Would it hurt to allow any nonmemory operand here and just force the
"unsupported" constants into a register?
> + {
> + if (satisfies_constraint_Wc0 (operands[2]))
> + {
> + rtx reg = gen_reg_rtx (<MODE>mode);
> + emit_insn (gen_vec_duplicate_const_0<mode> (reg, operands[2]));
Can't we emit a move_insn directly without going through the new pattern?
Or will that be optimized away in between? And the new pattern isn't
actually a duplicate but a move anyway so maybe a force_reg (operands[2]) would
already do? Probably initial values other than 0 don't work out of the box?
In any case it wouldn't hurt to describe the "design decisions" (i.e. why
we need one thing and not another) so it's easier to follow the patterns
in the future.
Regards
Robin
Hi Robin,
>> +(define_expand "vcond_mask_<mode><vm>"
>> + [(set (match_operand:V_VLS 0 "register_operand")
>> + (if_then_else:V_VLS
>> + (match_operand:<VM> 3 "register_operand")
>> + (match_operand:V_VLS 1 "nonmemory_operand")
>> + (match_operand:V_VLS 2 "vector_register_or_const_0_operand")))]
>> + "TARGET_VECTOR"
>
> Would it hurt to allow any nonmemory operand here and just force the
> "unsupported" constants into a register?

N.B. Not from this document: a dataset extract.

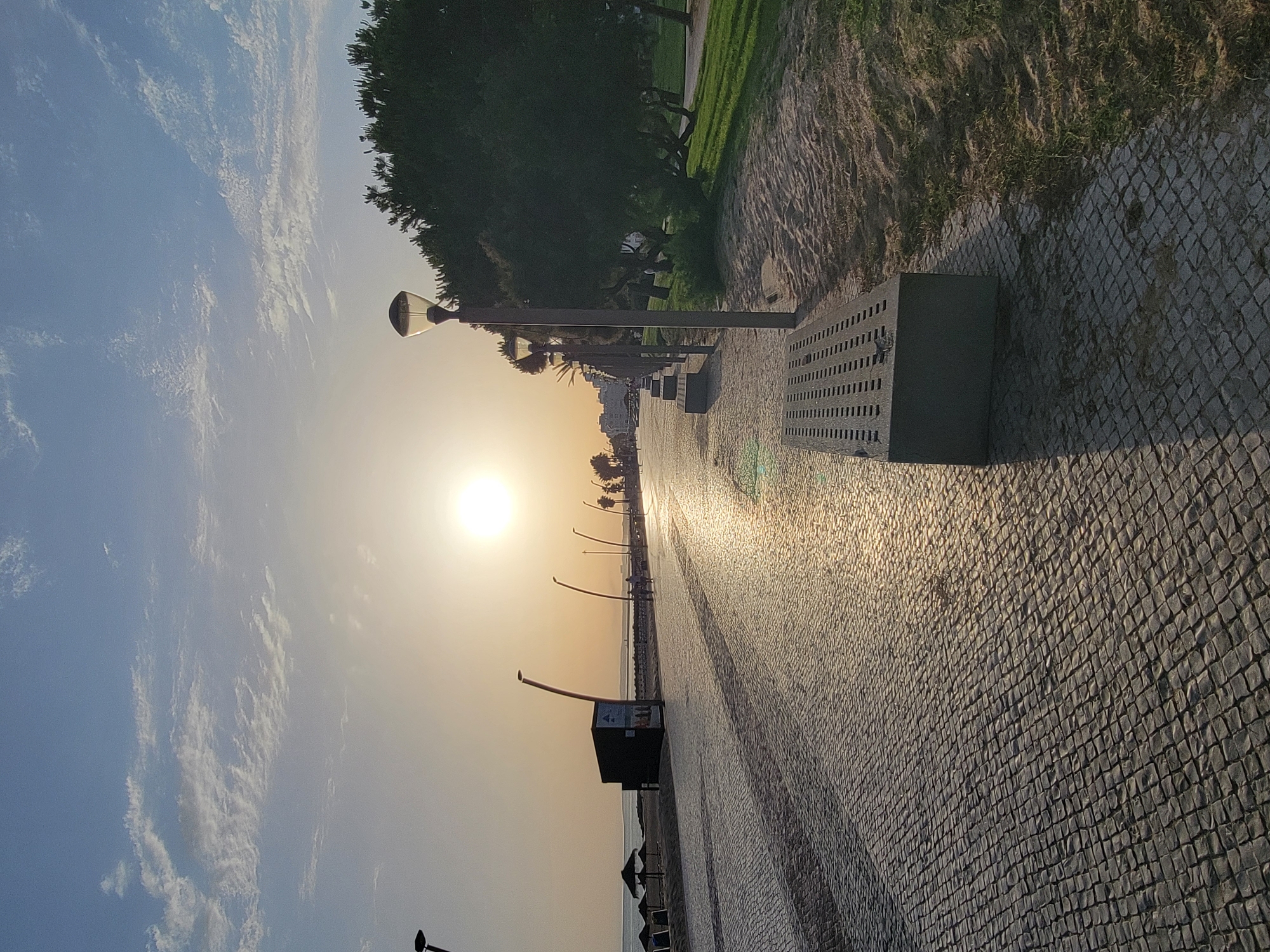 The image depicts a waterfront promenade in Quarteira, Portugal, during what appears to be sunrise or sunset. The sun is visible in the sky, casting a warm glow across the scene. A paved walkway, made of interlocking stones, stretches into the distance, lined with streetlights and benches. To the left of the walkway is a sandy beach with umbrellas, and beyond that, the calm sea. To the right, there is a grassy area with trees, some of which are pine trees. A few people are visible walking along the promenade in the distance. The overall atmosphere is serene and peaceful.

Are you talking about why operand 2 doesn't use nonmemory_operand
predicate? If so, I think this is because our vmerge.v[vxi]m insns only
supports that operand 1 is a scalar and operand 2 must be a vector register.
>
>> + {
>> + if (satisfies_constraint_Wc0 (operands[2]))
>> + {
>> + rtx reg = gen_reg_rtx (<MODE>mode);
>> + emit_insn (gen_vec_duplicate_const_0<mode> (reg, operands[2]));
>
> Can't we emit a move_insn directly without going through the new pattern?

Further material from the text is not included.